Stephen Pearl's latest update for Cloning Freedom

Sep 8, 2015

“I’m sure it’s not. No EVA ever is, but we don’t have a choice. I’m going to have to dig us out. If I can do it so that I can get the hull patched under cover of these rocks than that’s even better.”

This line from Cloning Freedom points out a realization that I think comes to anybody that works in emergency services or other high risk professions. Some things are simply not safe, necessary, but not safe.

I was a lifeguard for a very long time and was disgusted when in training a young pup ridiculed me because I used a reaching assist to do a rescue. He went on that we were trained to ‘a higher standard.’ I pointed out that we weren’t there to look macho but to save lives as efficiently as possible and that a dry rescue was a safe rescue. I’ve done rescues both wet and dry, real and in training, but my guide has always been minimal risk.

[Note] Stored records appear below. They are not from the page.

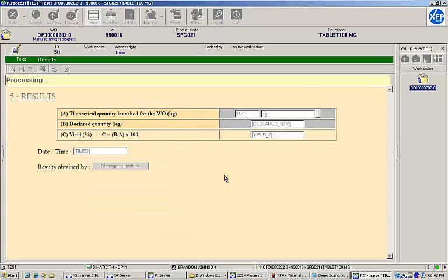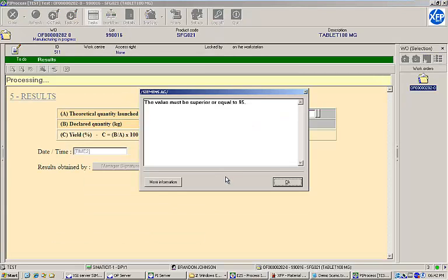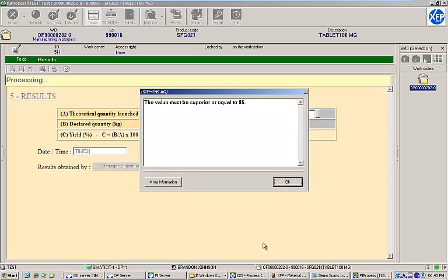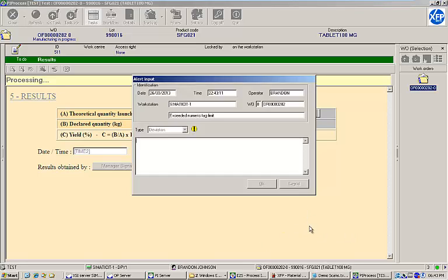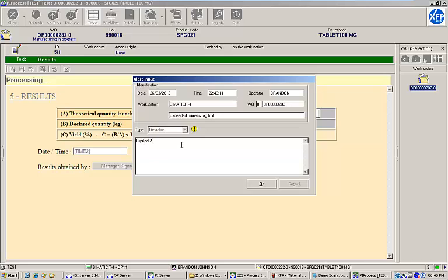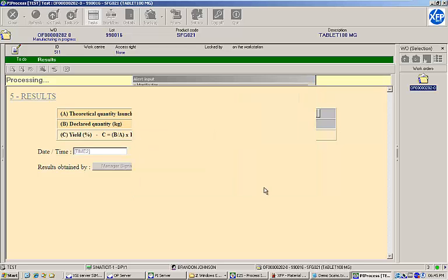The results task shows a summary of our batch output. As you can see, the theoretical quantity to produce was 15 kilograms. We lost two kilograms along the way and only produced 13. This means our yield was only 86.67%. Since the yield was expected to be greater than or equal to 95%, an error message was produced. An alert has been generated and we are asked to input a comment to explain why our yield is not within range. This comment will need to be reviewed before the batch can be released. I'll input a comment explaining that I spilled two kilograms of material and move on.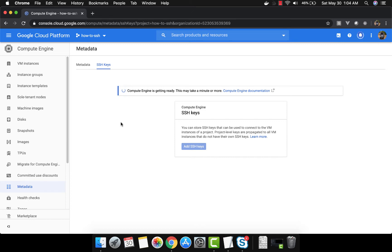When you check that box, all the SSH keys that you created here — all those users — will be able to SSH into your virtual machine. That's project-wide SSH keys. There is another way: you create an SSH key for that particular virtual machine. The project-wide keys will not be able to SSH into that VM if you uncheck that box. We will see what that checkbox looks like.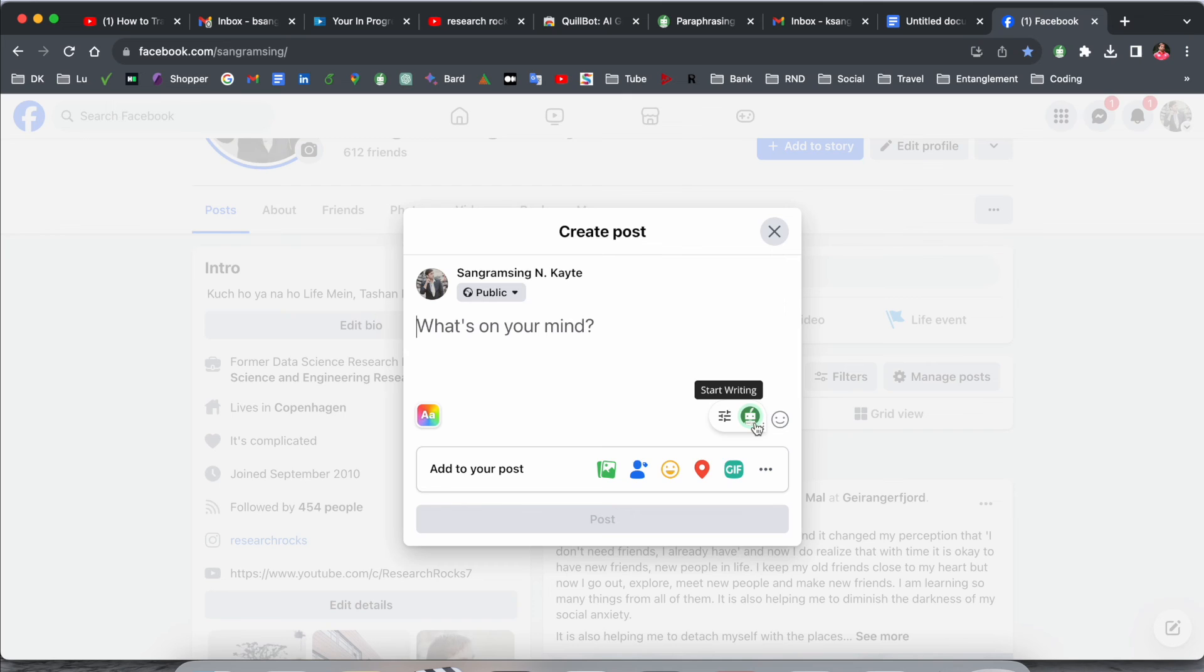If you are using Quillbot in Chrome extension, you can access Quillbot features everywhere. If you really like this video, please hit the bell icon, share this video, and subscribe to our YouTube channel Research Rocks.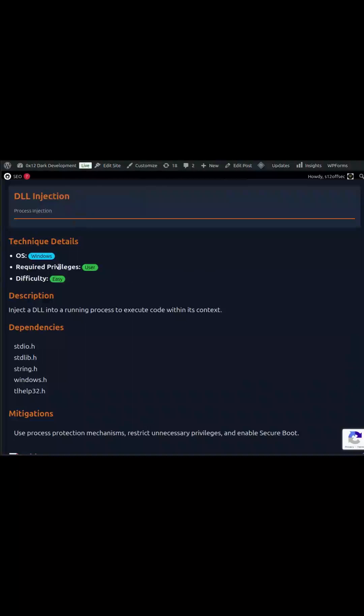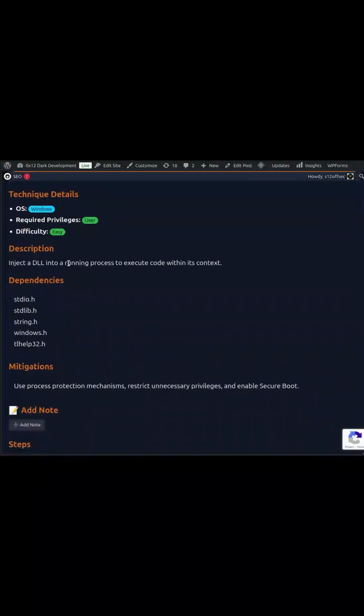To make it even more practical, the code samples are written in C++ and Rust, so you can see exactly how these techniques work at a low level.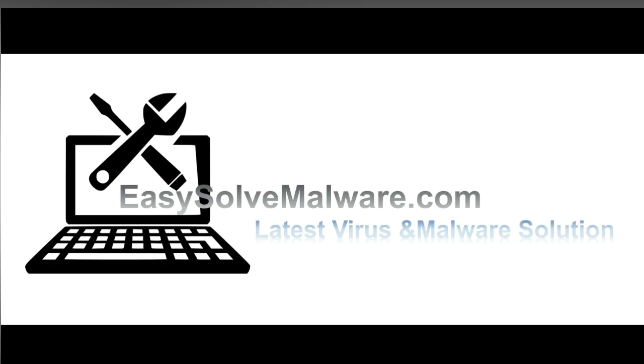That's all. Thank you for watching the video from EasySoftMalware.com. We hope it solves your problem.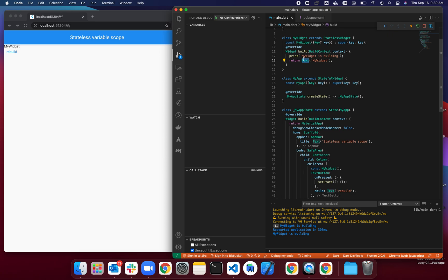If you can take some components out and have them as constant widgets with const constructors, and then use those constructors, that would be great. I also believe that there is a lint rule in the pedantic library.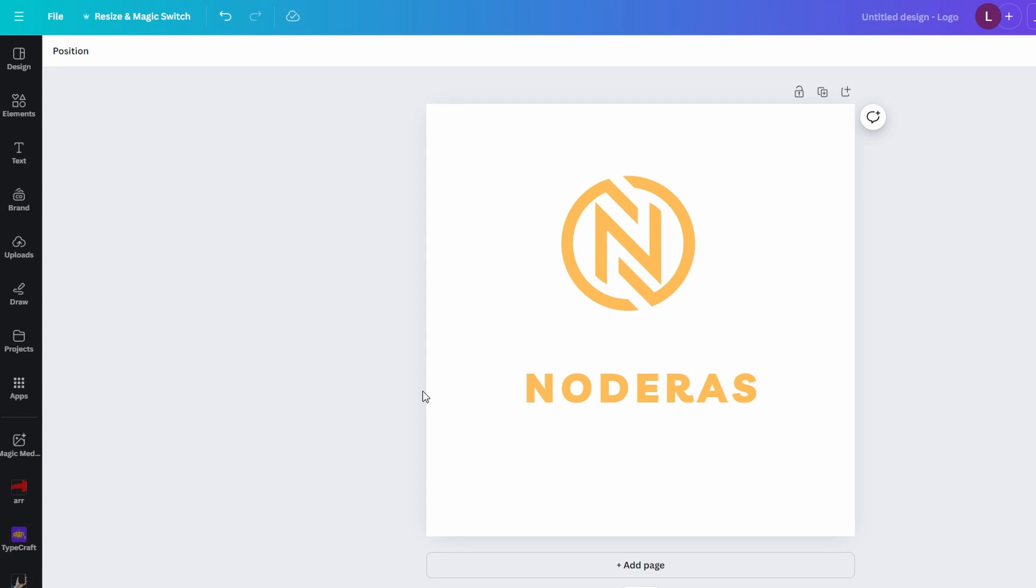In today's video I am going to show you how to change design to landscape in Canva. Start by opening the design you want to change. This can be any project, whether you added assets to it or not.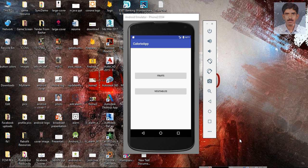Hello guys, welcome back to another Android Retrofit tutorial. Today we are going to learn about how to send a GET request with parameters using query annotations in Retrofit, and we are going to learn this topic with an example.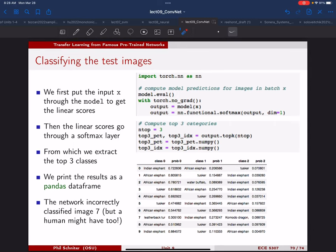To classify a test image, first put the model in evaluation mode — there are two modes: training and eval. In training mode, dropout is enabled and batch norm is learning its scaling parameters. In eval mode, dropout is disabled and batch norm just applies the fixed scaling and shift parameters. Use 'with torch.no_grad()' to run without backpropagation since we're not training, just applying the pre-trained network to our elephant images.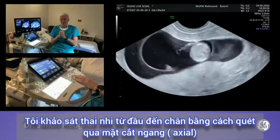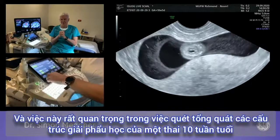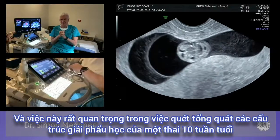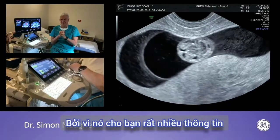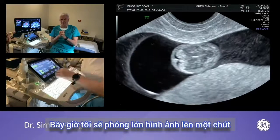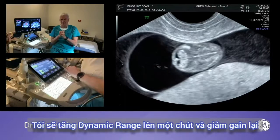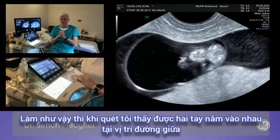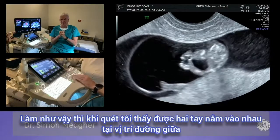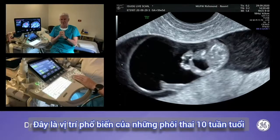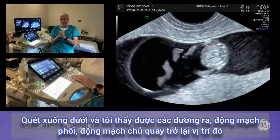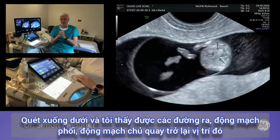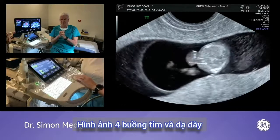Performing an axial sweep from head to toe gives a lot of information at 10 weeks. After slightly zooming and adjusting dynamic range and gain, I can see both hands held across together in the midline — a very common position at 10 weeks. Sweeping down, I see the outflow tracts: the pulmonary artery, the aorta — I'll return to those — then the four-chamber heart view, and the stomach.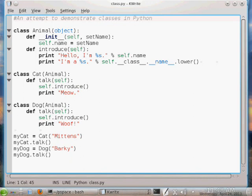Assignment to self — the equivalent of 'this' — has to be done explicitly. If you don't specify self, Python thinks you mean a global variable. Methods of a class must take self as the first argument. In a sense, mycat.talk() is really syntactic sugar for talk(mycat).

On another occasion, while I was training for the ambulance, I stood in a pool of gasoline as we extracted a potential spinal injury. We worked fast but not frantic and there was a Fireman with an extinguisher who had us covered in case something happened. Again, the situation was inherently risky, but we did what we had to with what safe guards we could arrange.

This realization of risk is part and parcel of life in general. We are all always at risk, by accepting it and minimizing the risk we create a modicum of safety even in the most dangerous of situations.

In my opinion embracing unnecessary risk is foolish. This doesn’t mean you don’t climb the mountain, it means you check your ropes. It doesn’t mean you let the person drown, it does mean you have the tools in your skill set to do the least dangerous rescue that saves the person.

In Cloning Freedom I have my protagonists doing a host of risky things but always in the sense that what they do is the best of a bunch of bad options.